The testimony of Amal Ahmad Abdul Fateh, bin Laden's youngest wife, provided an account of life on the lam for the al-Qaida founder and his family in the years between the 2001 attacks and the U.S. raid in May that killed bin Laden at his home in Abbottabad, Pakistan, at age 54, The New York Times reported.
The Times said the Jan. 19 police report paraphrased her recounting and lacked detail about Pakistanis who aided her husband in eluding pursuers. It was first mentioned in the Pakistani newspaper Dawn Thursday and the Times later obtained a copy.

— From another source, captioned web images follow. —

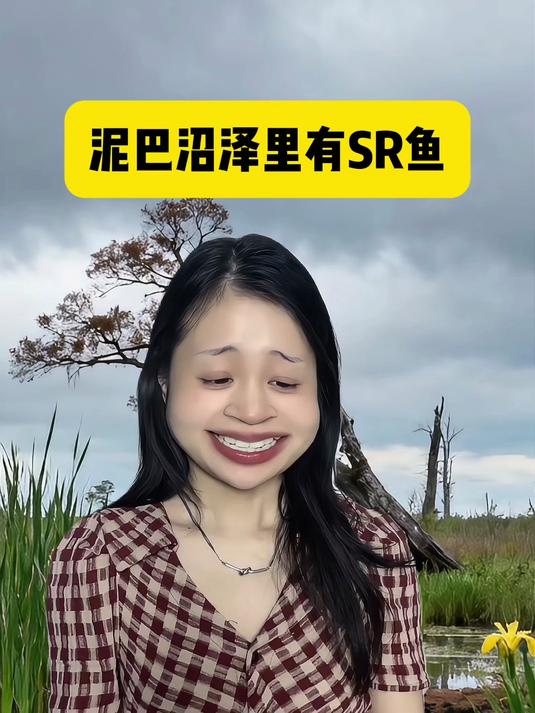 泥巴沼泽里的鱼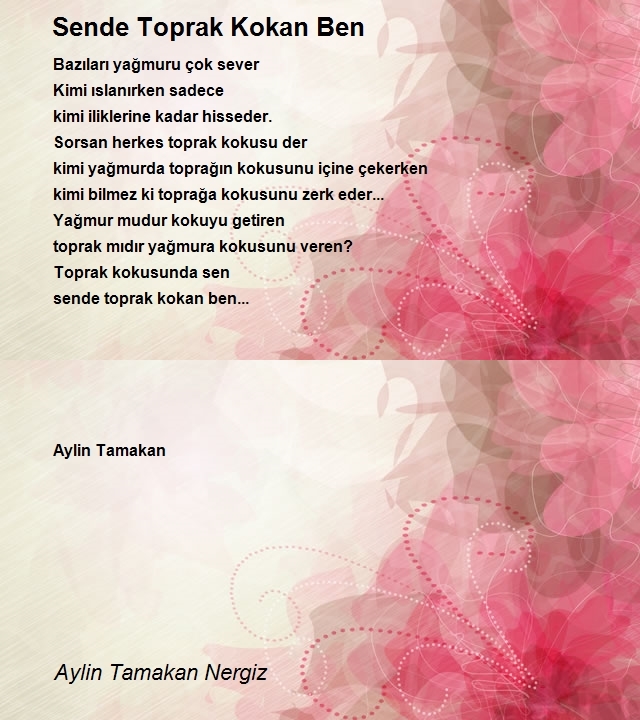 Aylin Tamakan Nergiz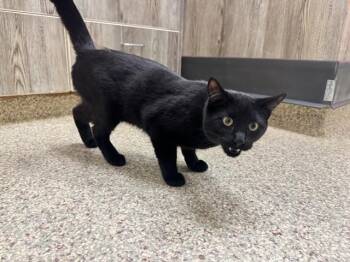 CHAPATI -  Domestic Short Hair Cat for Adoption in Colorado Springs, Colorado - CHAPATI | PetCurious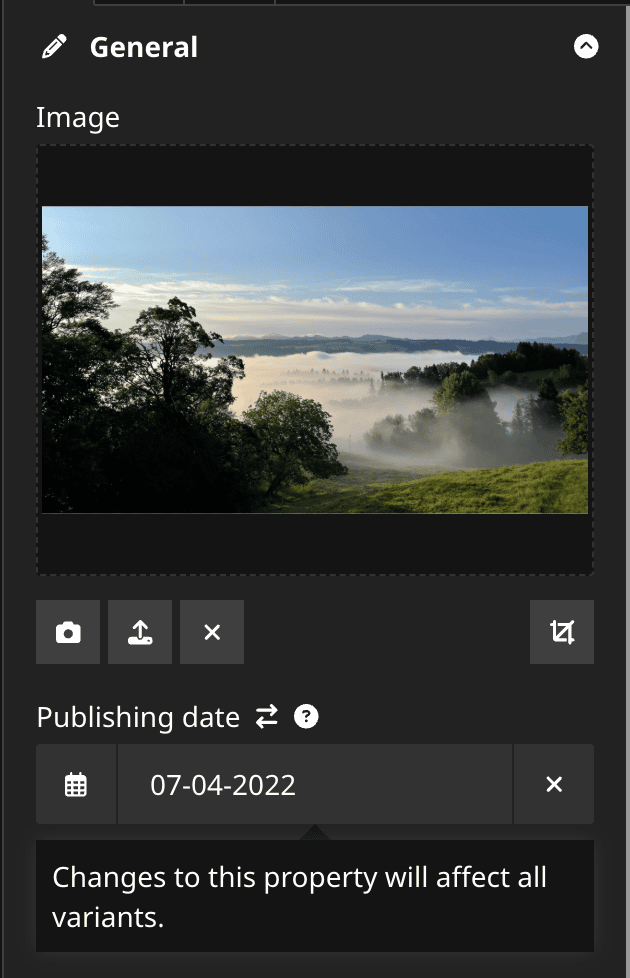 The Neos property inspector showing a scope indicator next to the publication date field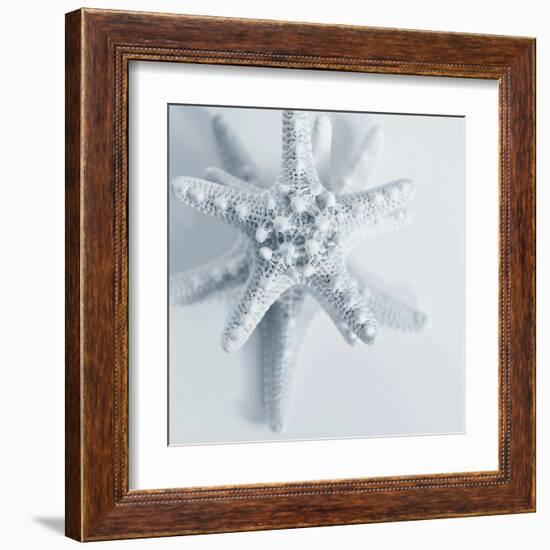 Midnight Starfish-Tracey Telik-Framed Art Print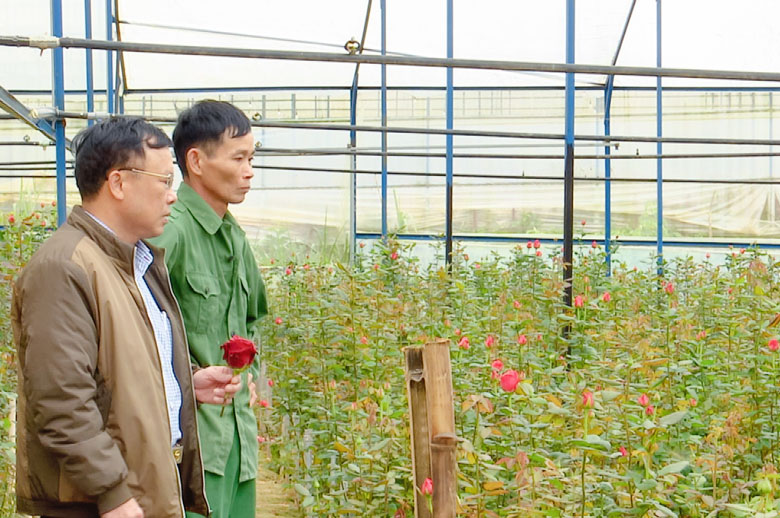 Cựu chiến binh giúp nhau phát triển kinh tế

Authorities are interested in bin Laden's three widows, under house arrest in Islamabad, because they might be able to answer some questions that have frustrated Western intelligence agencies since the 2001 attacks. Investigators say the older wives, identified as Kharia Hussain Sabir and Siham Sharif, have been uncooperative but Fateh, who was wounded in the May raid, has spoken to officials.
The women's lawyer said he expects the wives and two adult children to be indicted Monday on charges of breaking Pakistani immigration laws.
In Washington, U.S. officials told the Times they couldn't confirm all information in the report, but it seemed to be consistent with what is known and believed about bin Laden's movements.
Among other things Fateh told investigators was bin Laden took his family deep into rural mountain areas of northwest Pakistan, but not the tribal region focused on by the West, the Times said. She said they moved among several safe houses and that two of his children were born in public hospitals while the family was in hiding.